Federal District Court dismisses Disability Rights Callenge to California’s MAID law

In a blistering decision released March 27, 2024, Federal District Judge Fernando Aenlle-Rocha dismissed an effort by various Disability Rights plaintiffs to invalidate California's End of Life Options Act (EOLOA).

Judge Aenlle-Rocha

The United Spinal Association, Not Dead Yet and several other organizational and individual disability rights advocates argued that the EOLOA constituted an unconstitutional denial of their equal protection and due process rights.  While the Court did find that the institutional  plaintiffs had standing to bring the complaint insofar as they were obliged to expend time and effort to challenge the law, Judge Aenlle-Rocha found the individual plaintiffs lacked standing since their

"fear of being steered towards involuntary death by medical professionals presents an attenuated and hypothetical harm that is insufficient to confer standing."

The complaint as to the individual plaintiffs was thus dismissed for want of standing, meaning, in layman's terms, they had "no dog in this fight."

However as to the gist of the organizational Plaintiffs' challenge, the court dismissed their complaint by granting the defendants' 12b motion that the Plaintiffs had "failed to state a valid claim"." In other words, the Court threw out the complaint as legally insufficient.

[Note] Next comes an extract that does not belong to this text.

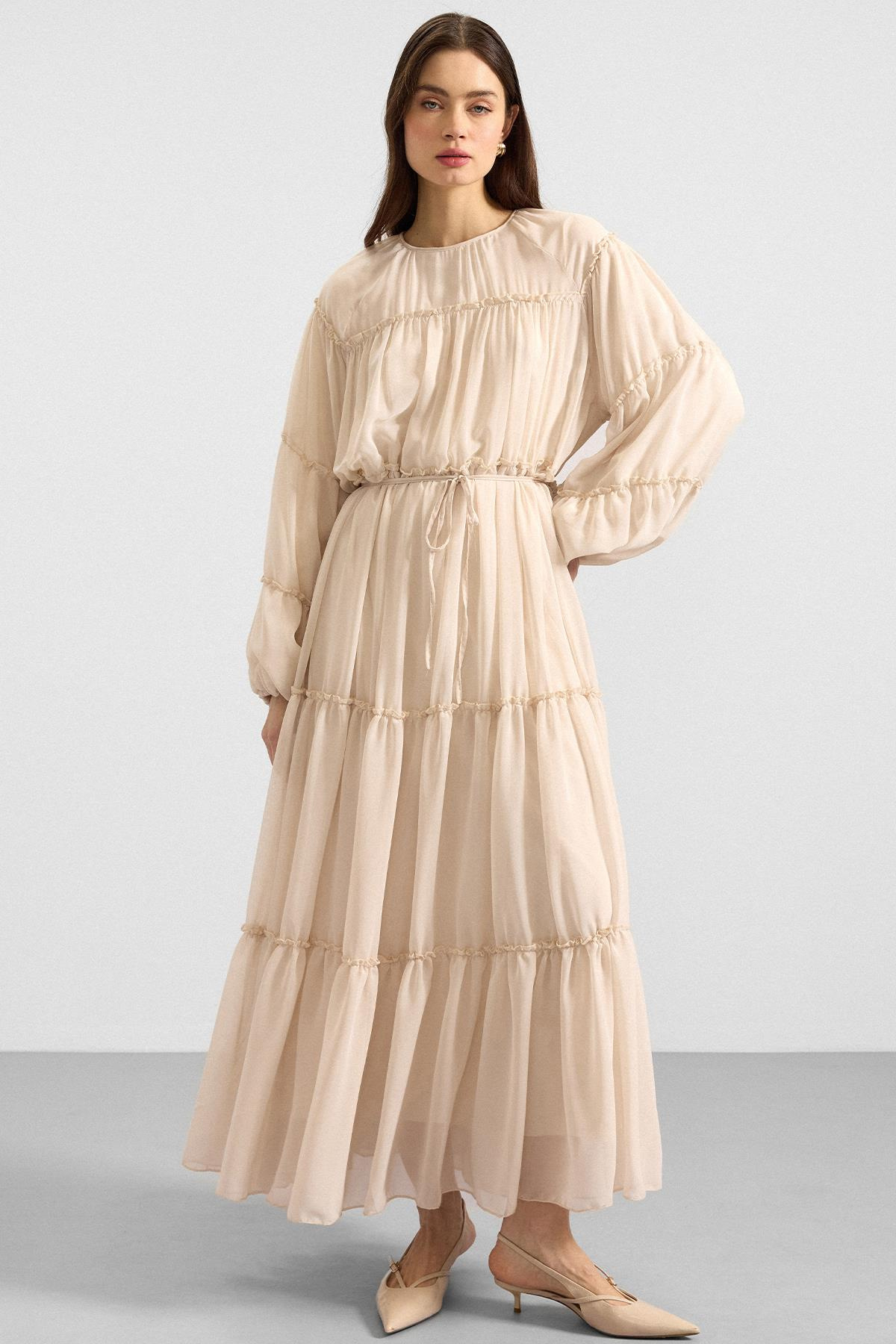 Büzgü Detaylı Şifon Elbise KREM 9416-E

To the Plaintiffis' argument that the EOLOA violated the Americans with Disability Act (ADA), the Court did not find that any person by reason of their disabilty was excluded from participation in, or denied the benefits of, the services, programs or activities" called for under the EOLOA.  The Court wrote:

Plaintiffs cannot establish they were excluded from participation in or denied the benefit of any service.  The EOLOA doe not preclude, prohibit or otherwise bar disabled individuals from availing themselves of any behavioral health services... not does it contain any provision encouraging or steering  patients towards physician-assisted suicide.  The Statute provides an entirely optional alternative for terminally ill patients when deciding how to manage their diagnoses.

The EOLOA, like every MAID law in the US, makes clear that disability alone does not confer a right to access the law; the dispositive factor is a terminal illness indicating a likely lifespan of six months or less, regardless of whether someone is simultaneously suffeirng from a disability.